- Artist: David Hockney
- Year: 1968
- Medium: Acrylic on canvas
- Dimensions: 213.4 cm × 304.8 cm (84.0 in × 120.0 in)
- Location: Art Institute of Chicago; Chicago;
- Accession: 1984

= American Collectors (Fred and Marcia Weisman) =

1968 painting by David Hockney

American Collectors (Fred and Marcia Weisman) is a 1968 painting by British artist David Hockney. The painting is currently in the collection of the Art Institute of Chicago. It was accessioned by the museum in 1984 after being donated by Frederic G. Pick and his wife, Frances Weis Pick.
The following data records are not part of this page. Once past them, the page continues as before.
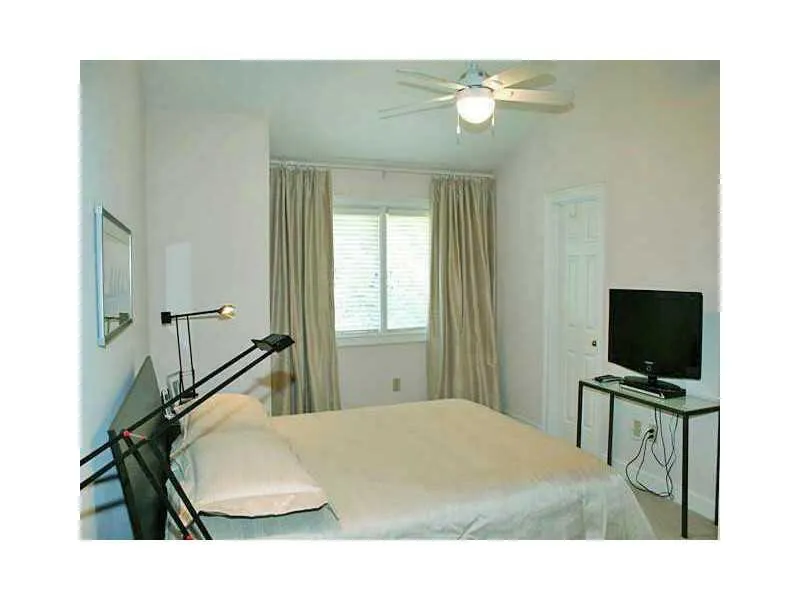 Atlanta, Georgia 30328, 3 Bedrooms Bedrooms, ,2 BathroomsBathrooms,Residential,Sold,5247449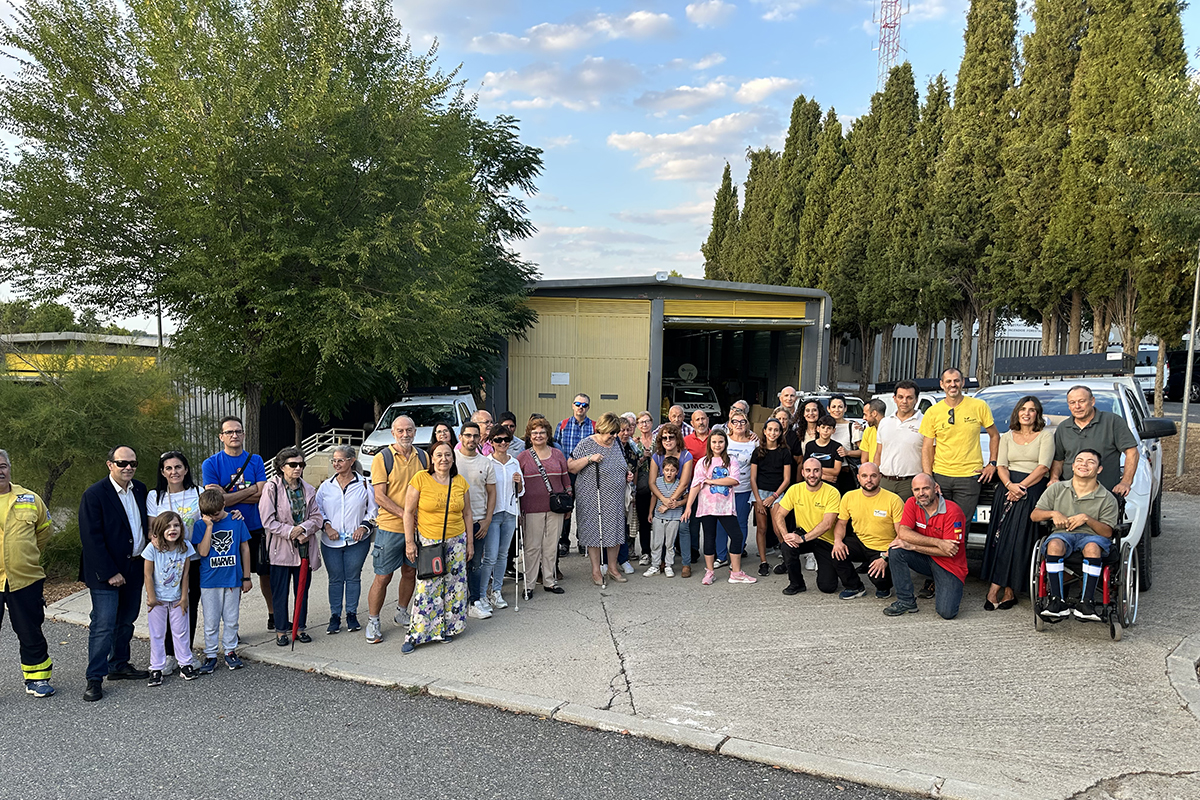 Foto de familia de la visita al Centro de Operaciones de Lucha contra Incendios Forestales de Castilla-La Mancha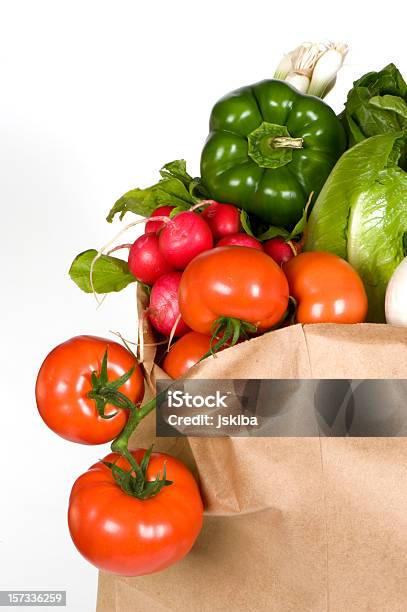 Foto de Bolsa De Compras Fluindo Com Legumes Frescos e mais fotos de stock de Saco de Papel - Saco de Papel, Tomate, Bolsa - Objeto manufaturado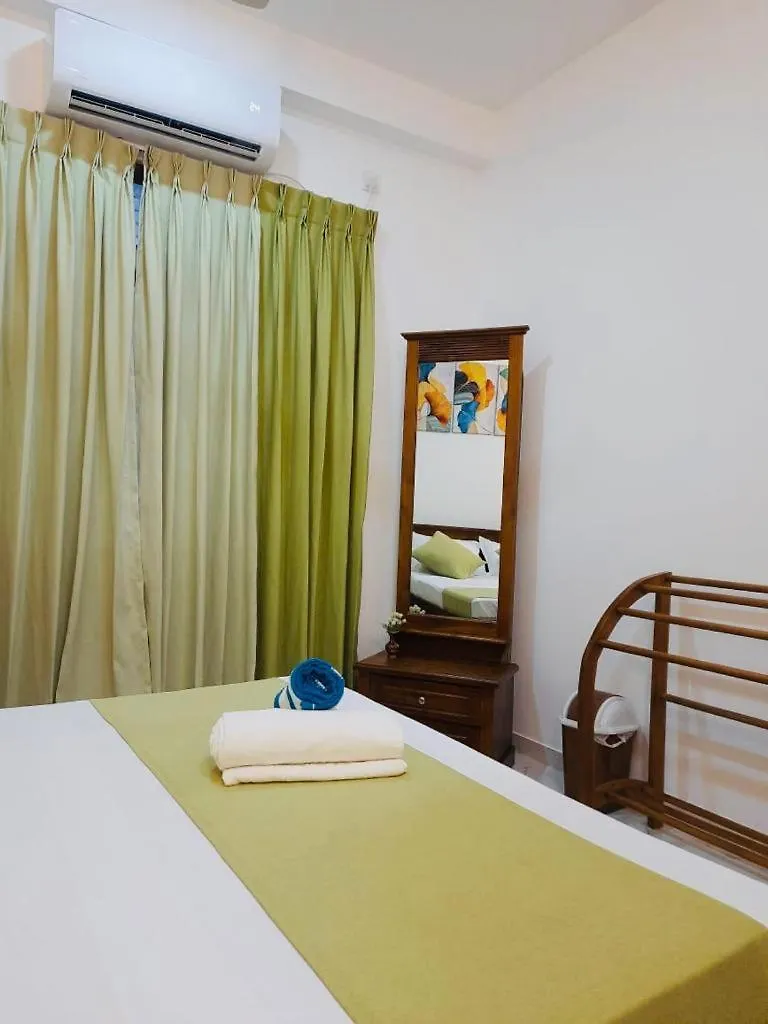 Twinstop Villa Minuwangoda Apartment
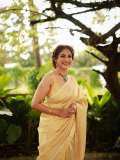 poornima-indrajith-in-saree-with-stylish-hairstyles-photos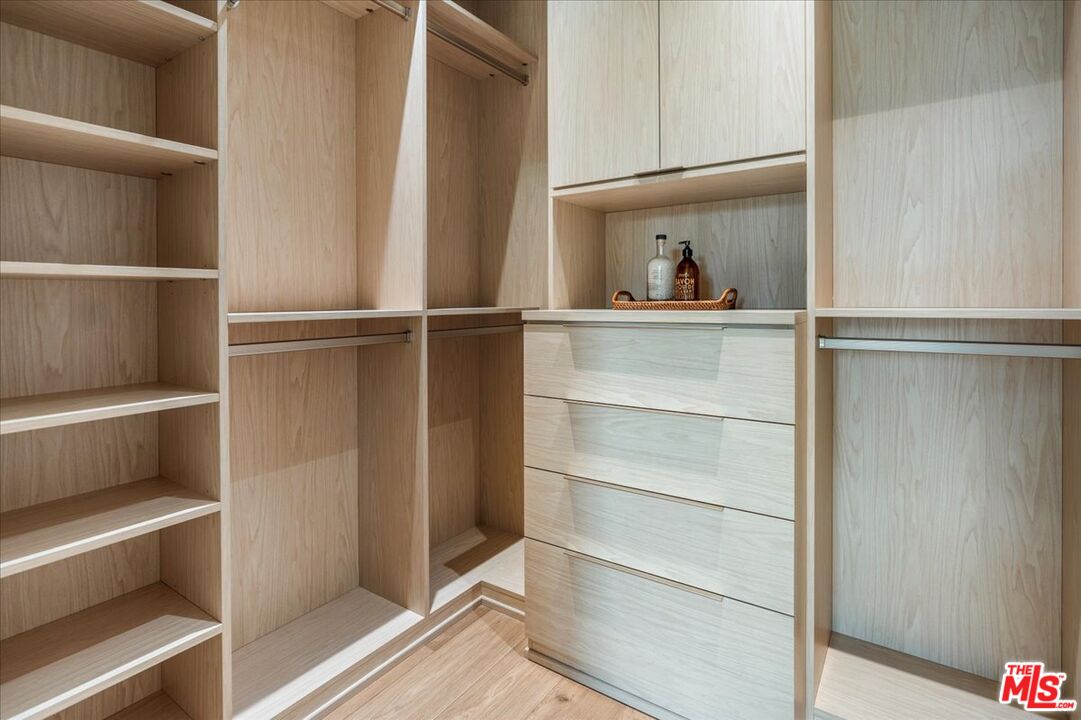 MLS #25610725 image #27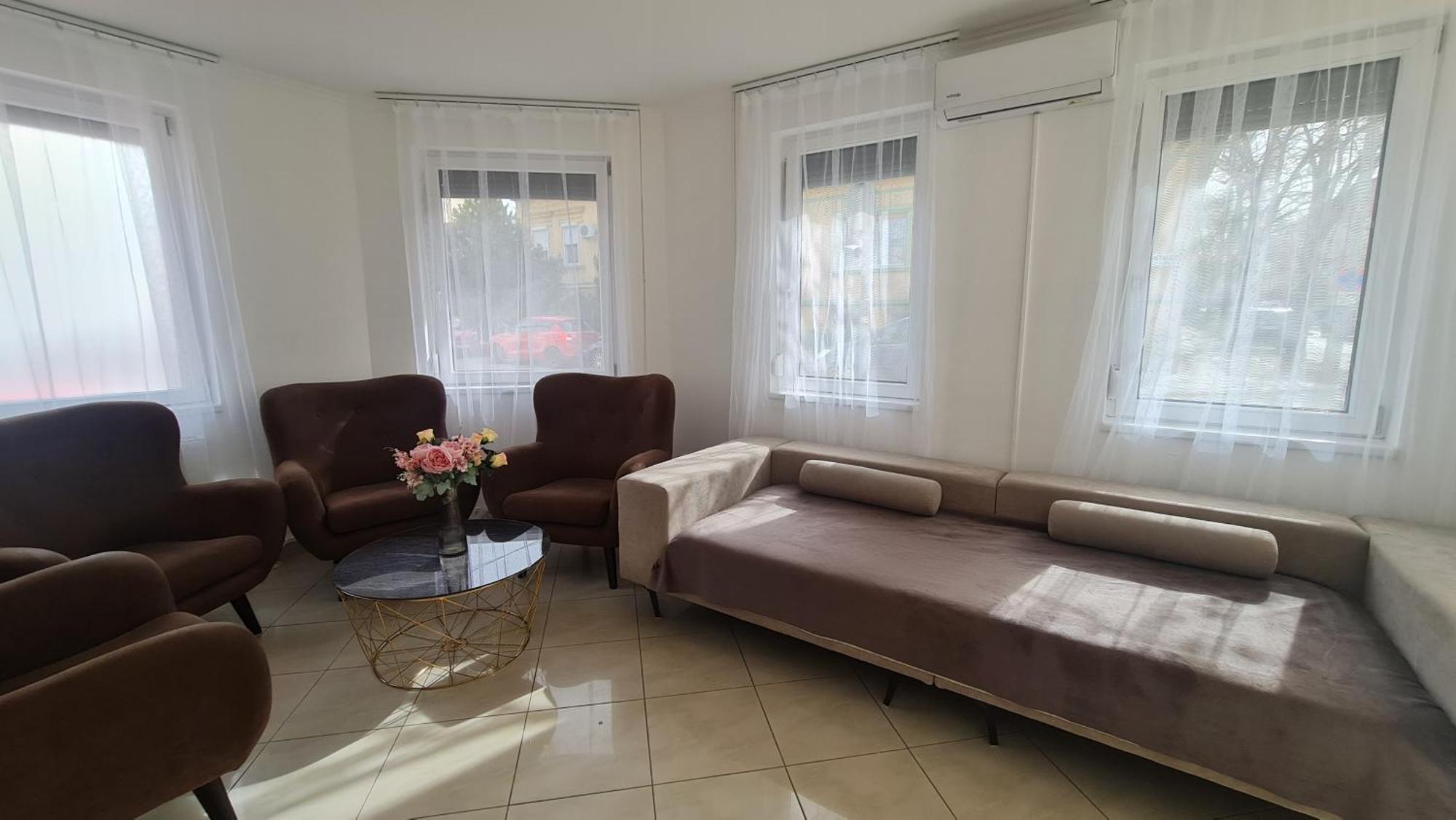 Tulipan Apartman Szeged Exterior foto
The painting depicts Frederick and Marcia Weisman, two American art collectors from Los Angeles.

The piece has been displayed at the National Portrait Gallery and the Royal Society of the Arts.

Hockney's 1968 double portrait of Fred and Marcia Weisman, American Collectors, is an intimate replication of the pair at their residence in California. Hockney uses the subjects, the objects, and his own style to recreate a mundane scene that invites both strangers and friends of the couple to ponder their dualistic home that stands as both a residence and gallery.

== Context ==
David Hockney is a British artist who at the time had also made a name for himself in America. In 1964, he visited Los Angeles and then left quickly only to come back in 1966 to teach at the University of California Los Angeles. Two years later Hockney began his double portraits. Initial thoughts on the painting were that it favored a dramatic and domestic scene, set out on a stage where both subjects and objects play the same role. Some critics argue that his work has no social context; however, his art does reflect a very high-class California domesticity during the 1960s when parts of California were experiencing upheaval such as the riots in Watts. A predominantly black neighborhood broke out into a riot that lasted several days and more than 3,000 people were arrested. Despite his themes that ignored contemporary social upheavals, his art is continuously praised by critics. In 2018, his painting Portrait of an Artist (Pool with Two Figures) sold on auction for 90.3 million dollars setting a record for a living artist.